PROBLEM TO WORK ON: Give again, unaltered, the line with "Lieve kerstfoto met" and all lines that follow it in the listing below, minus any pictures.

DATASET CONTENT:
....

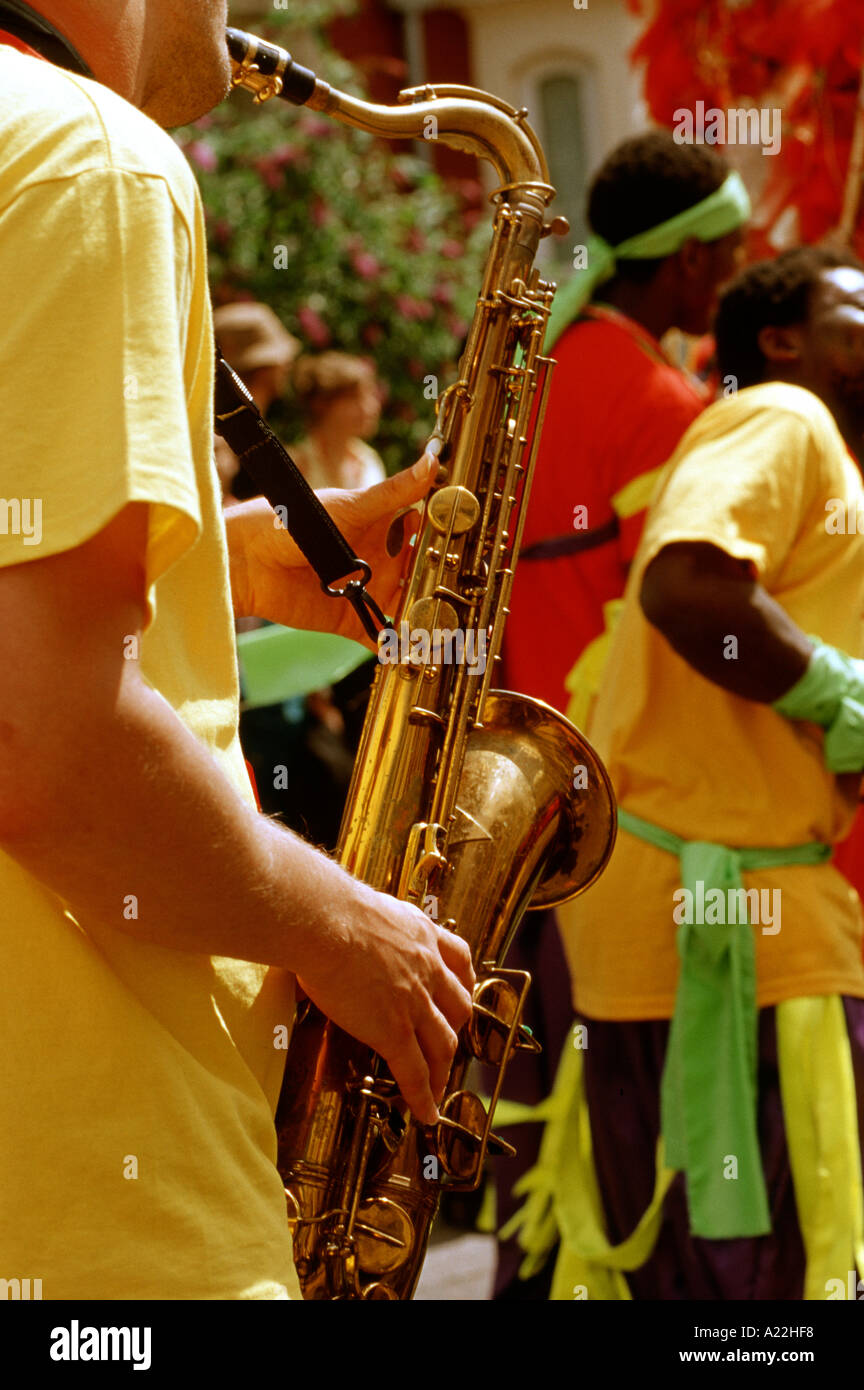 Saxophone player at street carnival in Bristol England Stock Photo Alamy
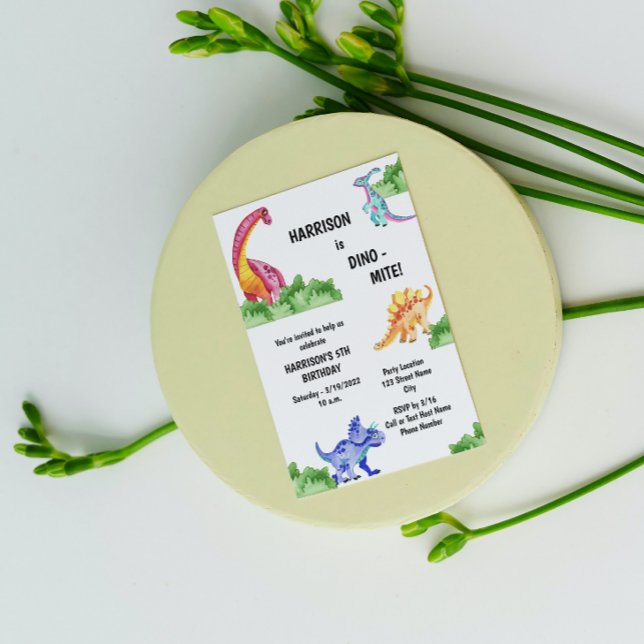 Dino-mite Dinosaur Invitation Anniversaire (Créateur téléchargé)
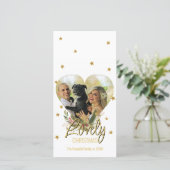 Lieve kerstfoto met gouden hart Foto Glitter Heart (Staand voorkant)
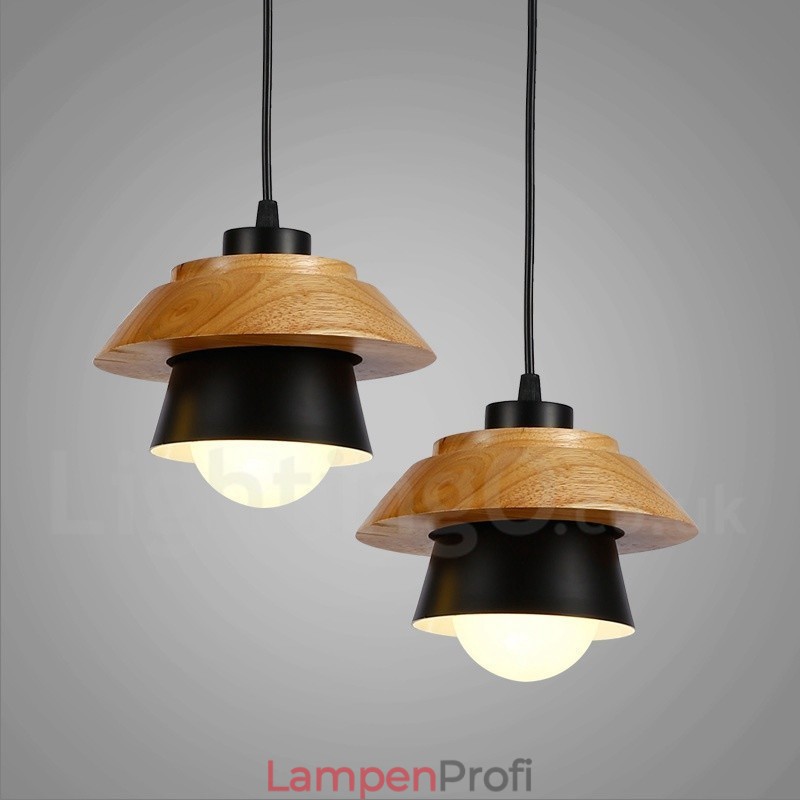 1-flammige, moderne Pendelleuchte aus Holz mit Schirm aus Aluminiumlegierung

....

WRITTEN REPLY:
 Lieve kerstfoto met gouden hart Foto Glitter Heart (Staand voorkant)
 1-flammige, moderne Pendelleuchte aus Holz mit Schirm aus Aluminiumlegierung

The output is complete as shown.